Theoretical Background And Proposition Development

Industry Evolution

Ever since Hannan & Freeman (1977) published their influential paper on the relationship between organizations and the environment, organizational ecologists have tried to explore what conditions cause organizations to emerge, grow, mature and die. By adopting a biological analogy, organizational ecology explains that the evolutionary process of an industry consists of three stages: variation, selection, and retention (Aldrich, 1979).

According to this perspective, the legitimacy of an industry increases along with the increase in the number of firms in the industry. As the number of firms continues to grow, however, competition for scarce common resources also increases among the firms. Therefore, beneficial and competitive effects of an increase in number of firms can be plotted as a general S-curve model: curvilinear effects of the density of an industry on firm founding and firm failure (Hannan & Carroll, 1992; Hannan & Freeman, 1989). Using empirical data from six industries over time, Carroll (1984) demonstrated long-term concave patterns of growth and decline in the number of organizations, which showed S-shaped curves as shown in Figure 1.

Population ecology is not the only perspective in organizational and economic studies that adopt a biological analogy.

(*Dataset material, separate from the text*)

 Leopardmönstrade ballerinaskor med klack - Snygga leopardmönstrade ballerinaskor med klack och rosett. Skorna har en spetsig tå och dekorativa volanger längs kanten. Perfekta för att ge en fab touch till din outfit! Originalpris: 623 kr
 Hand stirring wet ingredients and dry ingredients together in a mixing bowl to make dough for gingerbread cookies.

In the 1960s, marketing researchers developed the concept of the Product Life Cycle (PLC) in order to explain the lifespan of products and markets (Cox, 1967; Levitt, 1965; Vernon, 1966). The PLC theory identified the sequence of birth – growth – maturity – decline stages of products and markets (Day, 1981). This concept soon developed into a perspective that encompasses the evolution of industries (Agarwal & Tripsas, 2008; Gort & Klepper, 1982; Jovanovic & Macdonald, 1994), and was referred to as the theory of Industry Life Cycle (ILC) (McGahan et al., 2004) that models the evolution process of industries as the sequence from birth to maturity to death as shown in Figure 2.

Strategic Alliance Network

While dyadic interfirm relationships have long been the main focus of the studies on strategic alliances, relatively little analytic attention has been paid to the macro-level structure of large strategic alliance networks resulting from multiple dyadic alliances (Gemser et al., 1996; Nohria & Eccles, 1992; Provan et al., 2007). Apart from the direct dyadic ties between two firms, firms generate elaborate webs of indirectly connected relationships with “partners of partners” by participating in numerous alliances with different partners (Knoke et al., 2002).

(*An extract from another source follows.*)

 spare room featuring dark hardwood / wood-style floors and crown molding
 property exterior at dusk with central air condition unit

This complex, macro-level network of strategic alliances has been referred to varied terms such as the “alliance network” (Baum et al., 2000; Koka & Prescott, 2002), the “alliance constellation” (Das & Teng, 2002; Gomes-Casseres, 1996), the “networks of strategic alliances” (Hagedoorn & Schakenraad, 1992), the “whole network” (Provan et al., 2007), and the “strategic alliance network” (Knoke et al., 2002). In this paper, for consistency and simplicity’s sake, we adopt the term “SAN”, defined as a macro network “comprising subsets of firms within an organizational field that are interconnected by their repeated and overlapping partnerships through space and time” (Knoke et al., 2002).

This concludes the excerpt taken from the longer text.